Wir wollen soziale Innovationen ermöglichen und fordern durch die EU finanzierte wissenschaftlich begleitete Modellprojekte zum bedingungslosen Grundeinkommen.

Ein sinnvoller Start, um die Entwicklung in der EU zu fördern, wäre ein EU weites Sozialversicherungssystem, welches die soziale Sicherheit und die Mobilität der Arbeitskräfte verbessert und gleichzeitig ein automatischer Stabilisator wäre. Ein erster Schritt in diese Richtung, der bereits diskutiert wird, könnte die Entwicklung einer Arbeitslosenversicherung auf der Ebene der EU
sein. Eine grundlegende europäische Arbeitslosenversicherung würde einen begrenzten und planbaren kurzfristigen fiskalischen Impuls in konjunkturellen Abschwungphasen geben. Mit ihrer automatischen und antizyklischen Wirkung kann eine europaweite Arbeitslosenversicherung zugleich das Marktvertrauen in die Währungsunion stärken und dadurch dazu beitragen, den sich wiederholenden Teufelskreis aus Konjunkturabschwung, Austerität und innerer Abwertung in der Eurozone zu vermeiden. Sie würde helfen, die Binnennachfrage und damit das Wirtschaftswachstum in ganz Europa zu stärken, so der frühere EU Kommission für Beschäftigung und Soziales und Integration Lazlo Andor (Euromemo 2016, S. 14)

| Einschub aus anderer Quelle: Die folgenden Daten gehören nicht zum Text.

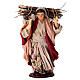 Woodcutter woman with wood, terracotta, 15 cm, Neapolitan nativity scene s1
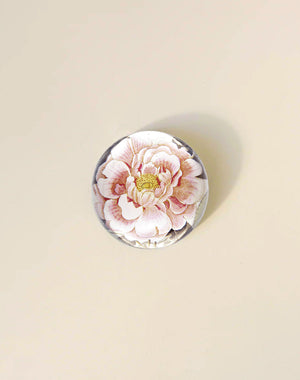 Rosa Dome Paperweight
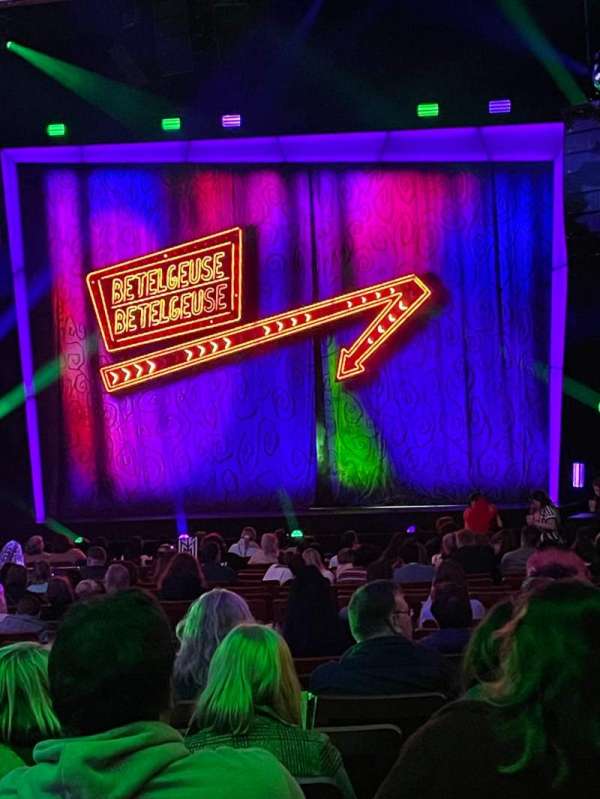 Regent Theatre, Melbourne, bloc: Stalls, rangée: P, place: 49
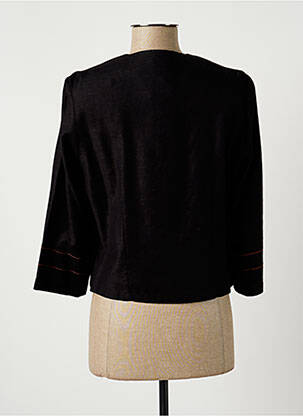 Veste casual fermeture boutonnée sur le devant noir FRANCE RIVOIRE femme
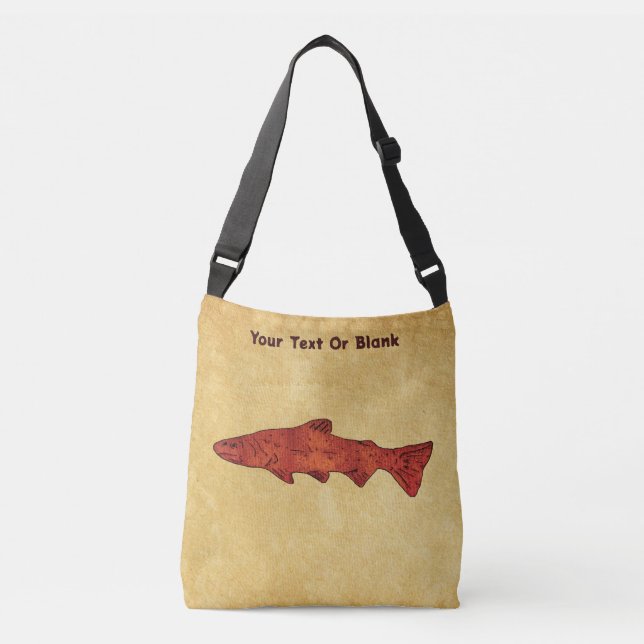 Bolso Cruzado Rustic Trout (Anverso)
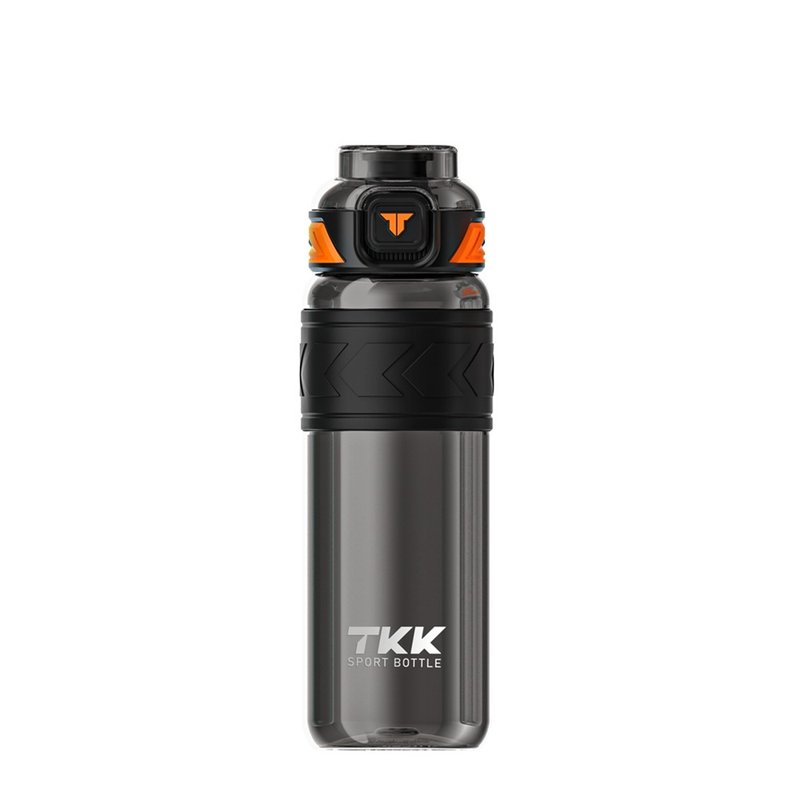 【TKK】美国进口Tritan迈越系列 手提式两用运动水壶600ML-火山黑 - 水瓶/水壶 - 其他材质 黑色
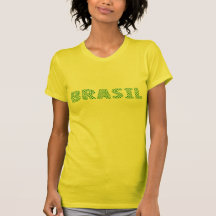 Optisches Logo Brasiliens - brasilianisches Waldgr Tshirts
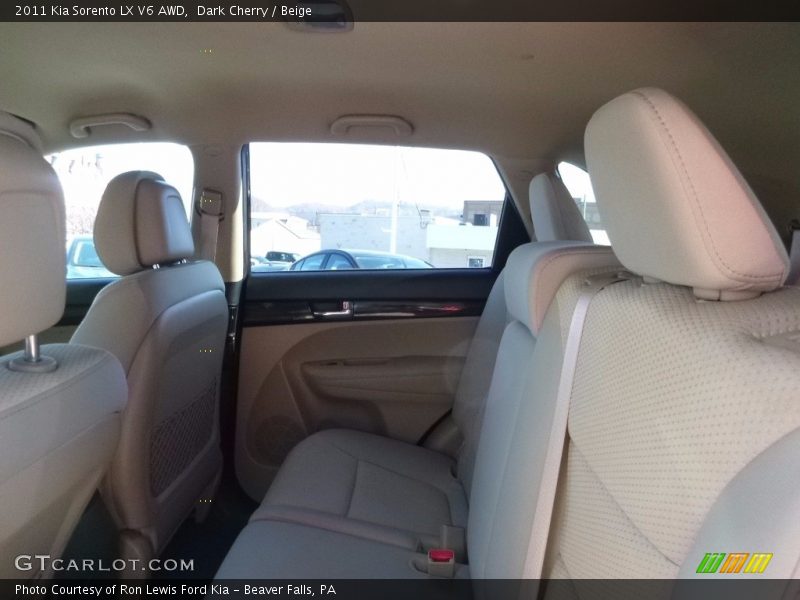 Dark Cherry / Beige 2011 Kia Sorento LX V6 AWD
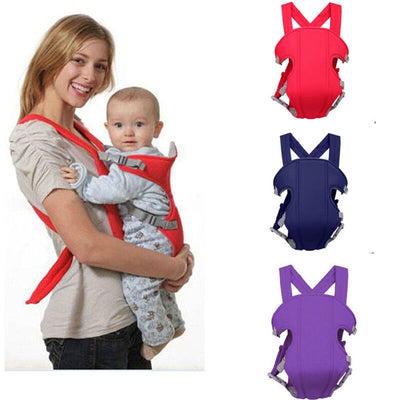 Adjustable Baby Infant Toddler Newborn Safety Carrier 360 Four Position Lap Strap Soft Baby Sling Carriers 2-30M - Korvel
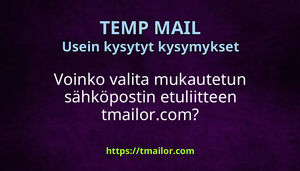 Voinko valita mukautetun sähköpostin etuliitteen tmailorcom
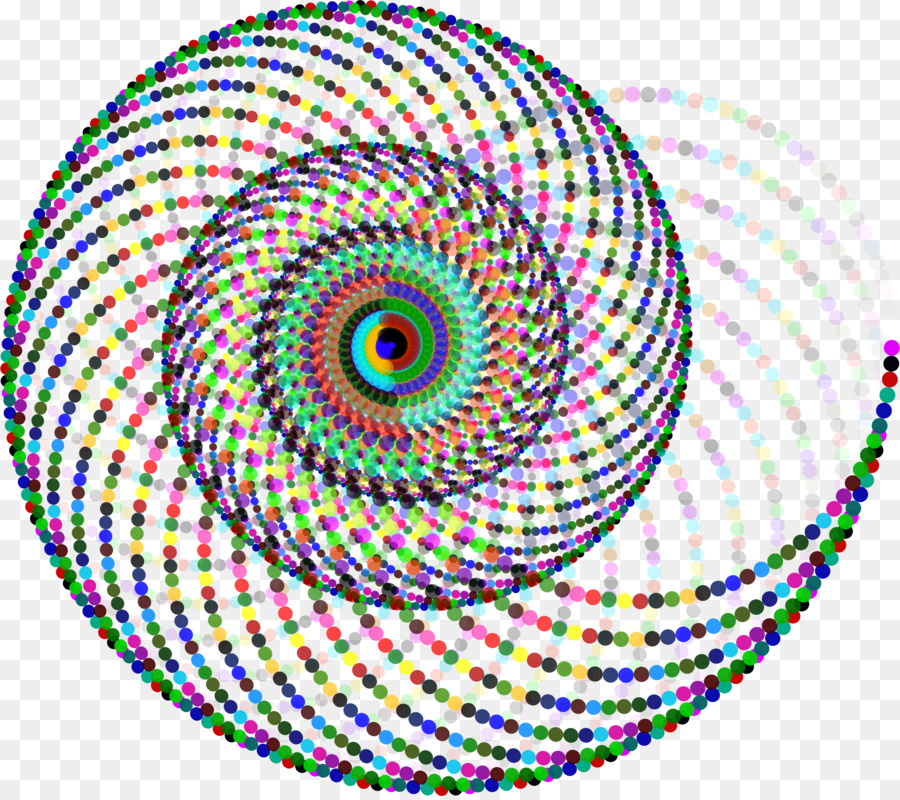Spirale, Kreis-Punkt-Muster - Tango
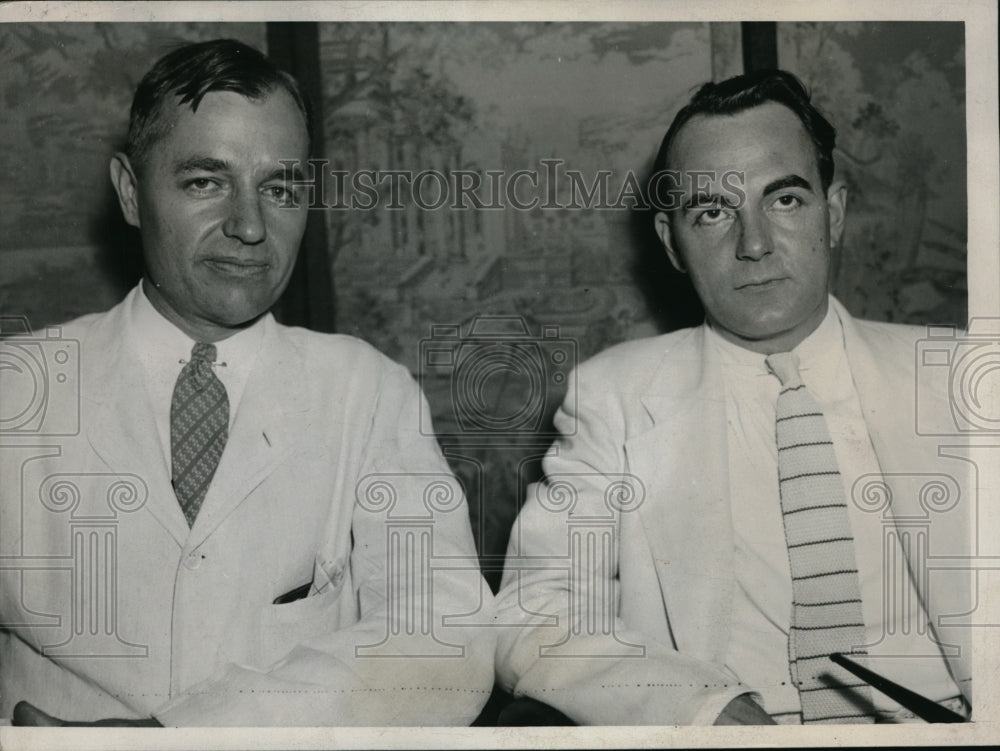1936 Press Photo Charles P. Taft & Ralph W. Robey Goverment appointees to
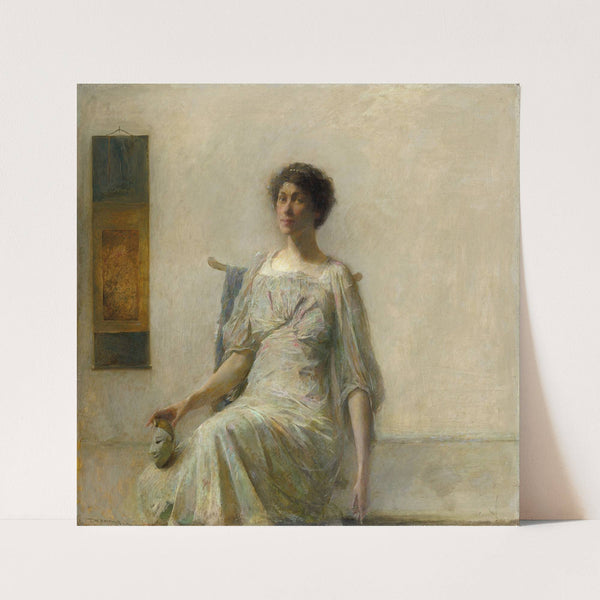 Lady with a Mask (1911) by Thomas Wilmer Dewing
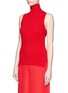 Front View - Click To Enlarge - ROSETTA GETTY - Wool-cashmere sleeveless turtleneck sweater
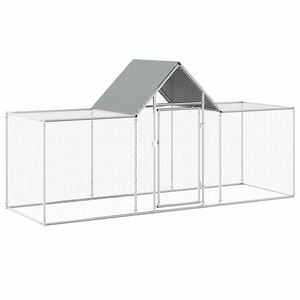 vidaXL Koko&scaron;injac od pocinčanog čelika 3 x 1 x 1,5 m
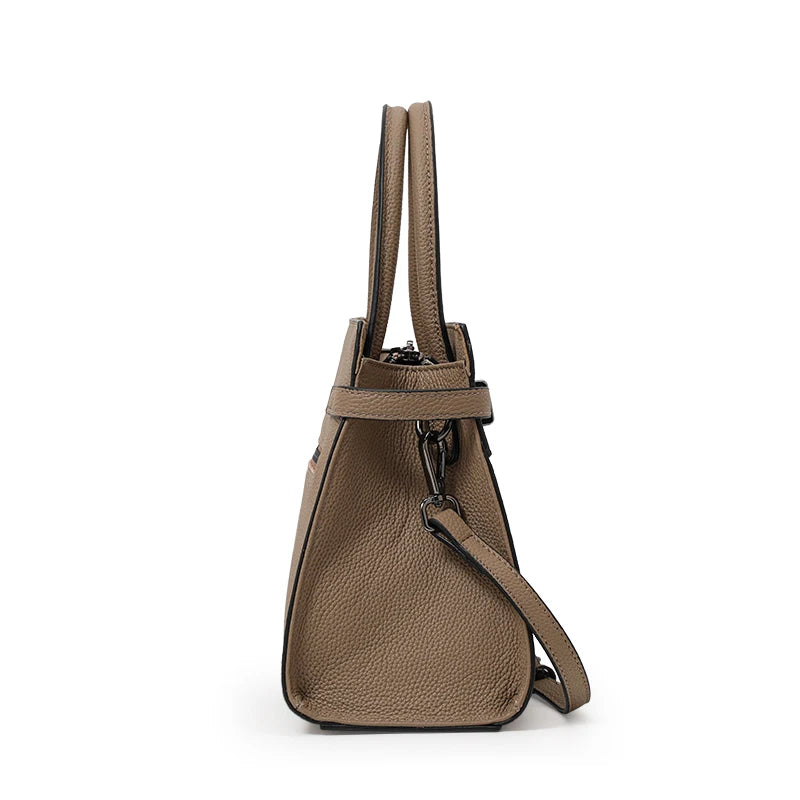 Genuine leather women's bag original first layer cowhide women's hand shoulder simple tote bag occupation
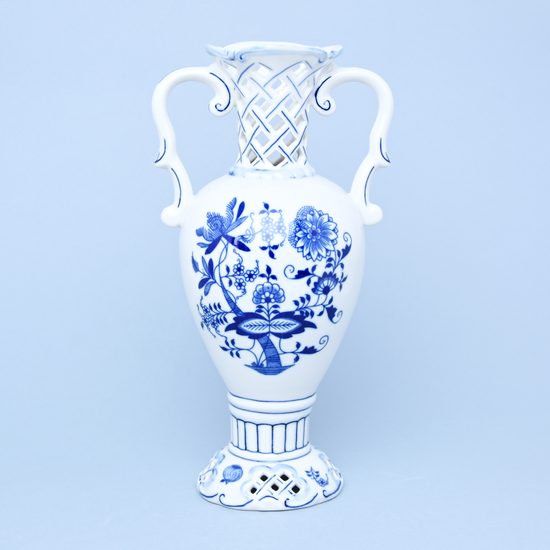 Vase perforated 29 cm, Original Blue Onion Pattern, QII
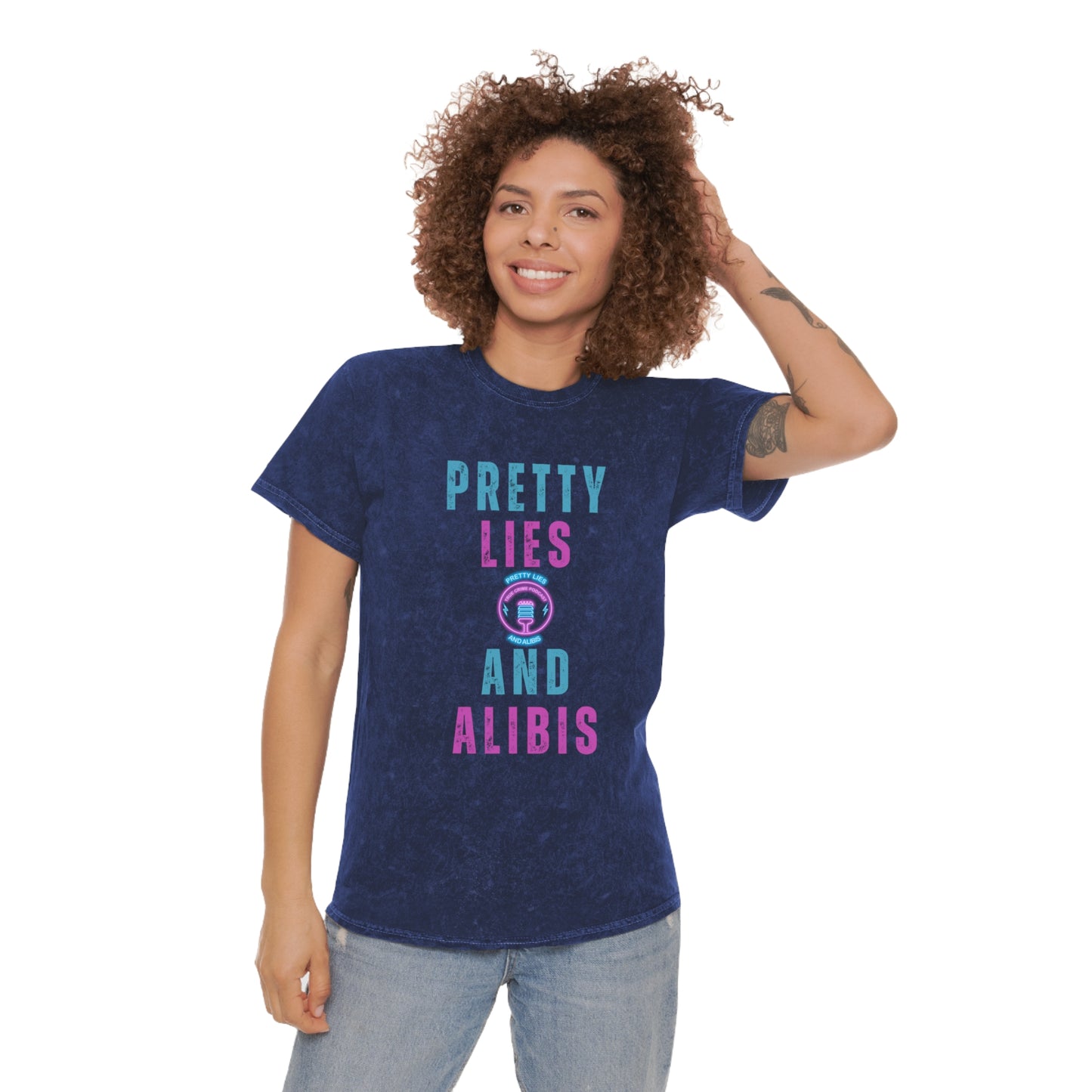 Pretty Lies Unisex Mineral Wash T-Shirt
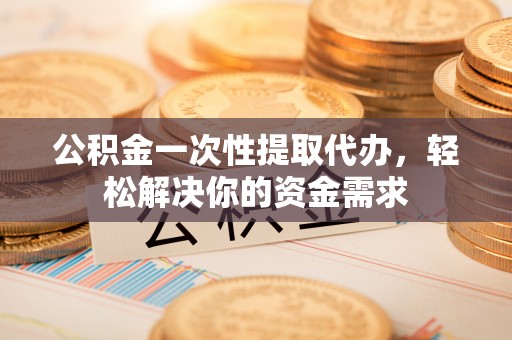 谯城公积金一次性提取代办，轻松解决你的资金需求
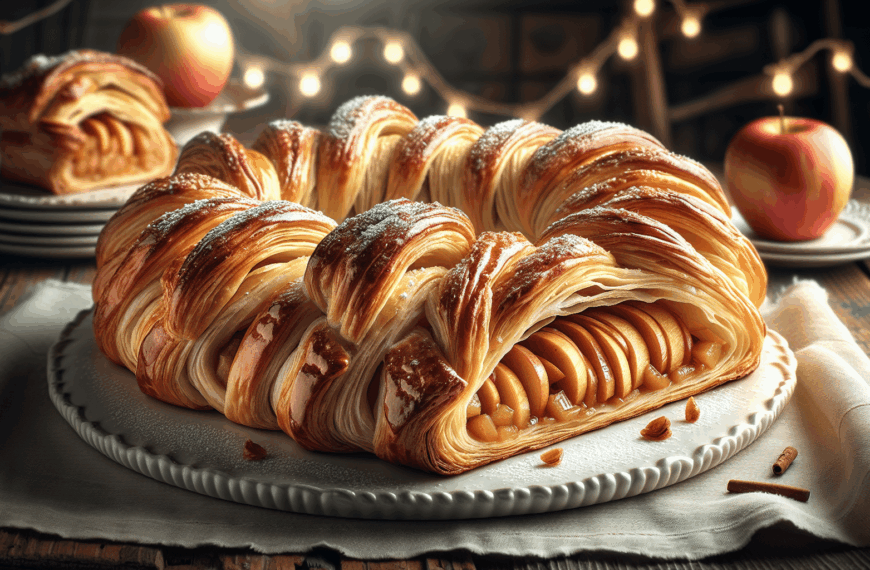Deliciosa Trenza de Hojaldre con Manzana: Un Postre Irresistible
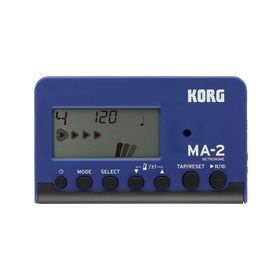 Korg MA2 Digital LCD Metronome, Blue/Black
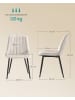 SONGMICS 6er-Set: Esszimmerstuhl in Beige – (B)48 x (H)80 x (T)57 cm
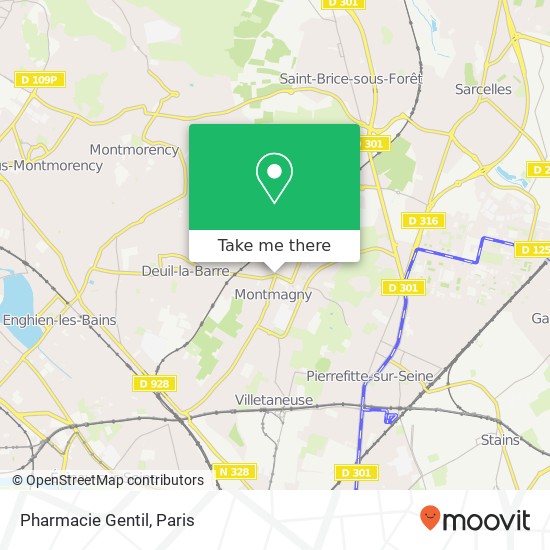 Pharmacie Gentil map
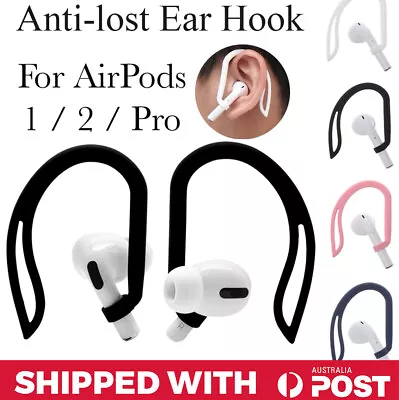 $7.95 • Buy Apple Airpods Accessories EarHook Anti-Lost AirPod 1 / 2 / Pro Silicone Hook 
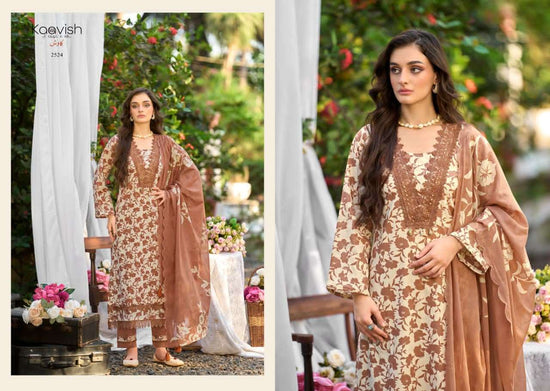 Kaavish Fashion Zulfilen Pure Lawn Cotton Pakistani Suit - Amrah Wholesale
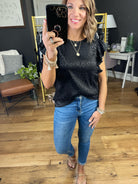 Ending Strong Embossed Animal Print Top - Black-Sleeveless-Jodifl H9498-Anna Kaytes Boutique, Women's Fashion Boutique in Grinnell, Iowa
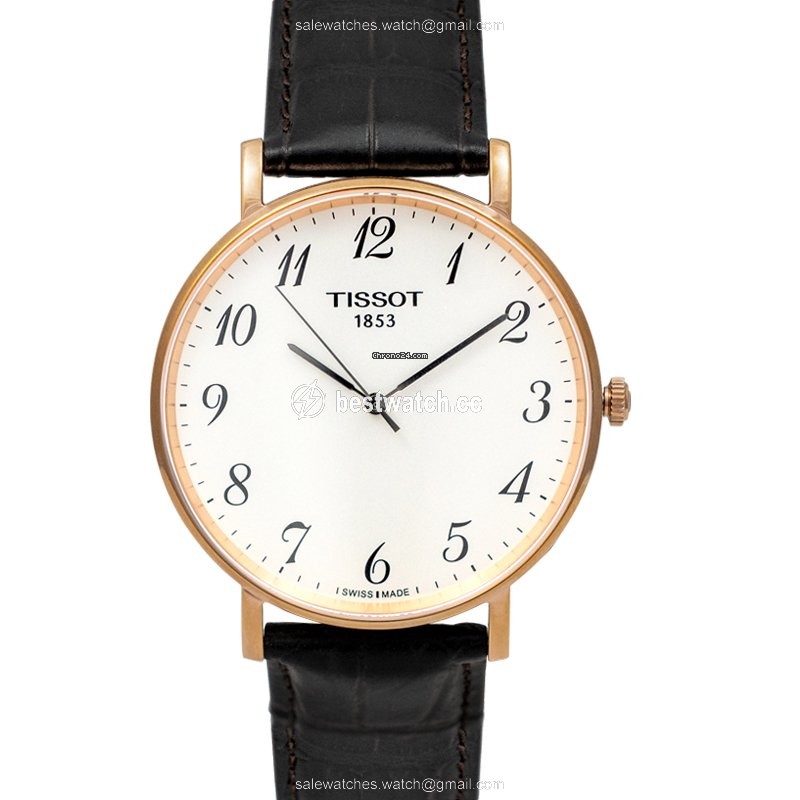 Tissot T-Classic Mens watch Unisex Quartz Steel T109.610.36.032.00 Replica 2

Die Armutsbekämpfung ist ein erklärtes Ziel der EU, das in der 2020 Strategie festgeschrieben ist. Eine europäische Grundsicherung ist ein konkretes Instrument, um dieses Ziel umzusetzen. Denn viele EU-Staaten haben keine ausreichende Mindestsicherung auf nationaler Ebene. Eine europäische definierte Grundsicherung würde zu einer weiteren Angleichung der Lebensverhältnisse beitragen und die ökonomische Stabilität in der EU erhöhen. Wir fordern europäische definierte Mindeststandards für die Grundsicherung in Form einer Mindesteinkommensrichtlinie soll festschreiben, dass allen Menschen in EU-Mitgliedstaaten ein Existenzminimum in angemessener Höhe zusteht, das sich an 60% des durchschnittlichen Einkommens des jeweiligen Landes orientiert. Außerdem sollte die Richtlinie gemeinsame Prinzipien und Mindeststandards und eine gemeinsame Definition von Armut festlegen. Die europäischen Strukturfonds können die Grundsicherung dadurch flankieren, dass sie 20 Prozent ihrer Mittel in Armutsbekämpfung und soziale Inklusion legen. (BAG Europa Positionspapier September 2016, S. 6)

Als Grüne aus Schleswig-Holstein sind wir davon überzeugt, dass eine soziale Integration auf Augenhöhe mit der wirtschaftlichen Integration der EU dazu beitragen wird, dass das Spannungsverhältnis zwischen marktpolitischen und sozialpolitischen Fragestellungen neu austariert werden kann. Um die auseinanderklaffende Schere zwischen Arm und Reich zu schließen und einen Unterbietungswettbewerb bei Löhnen, Steuern und Standards durch die Mitgliedstaaten zu vermeiden, wollen wir die EU in ihrer sozialen Dimension weiterentwickeln und langfristig eine bessere Zusammenarbeit der verschiedenen Sozialmodelle in der EU erreichen.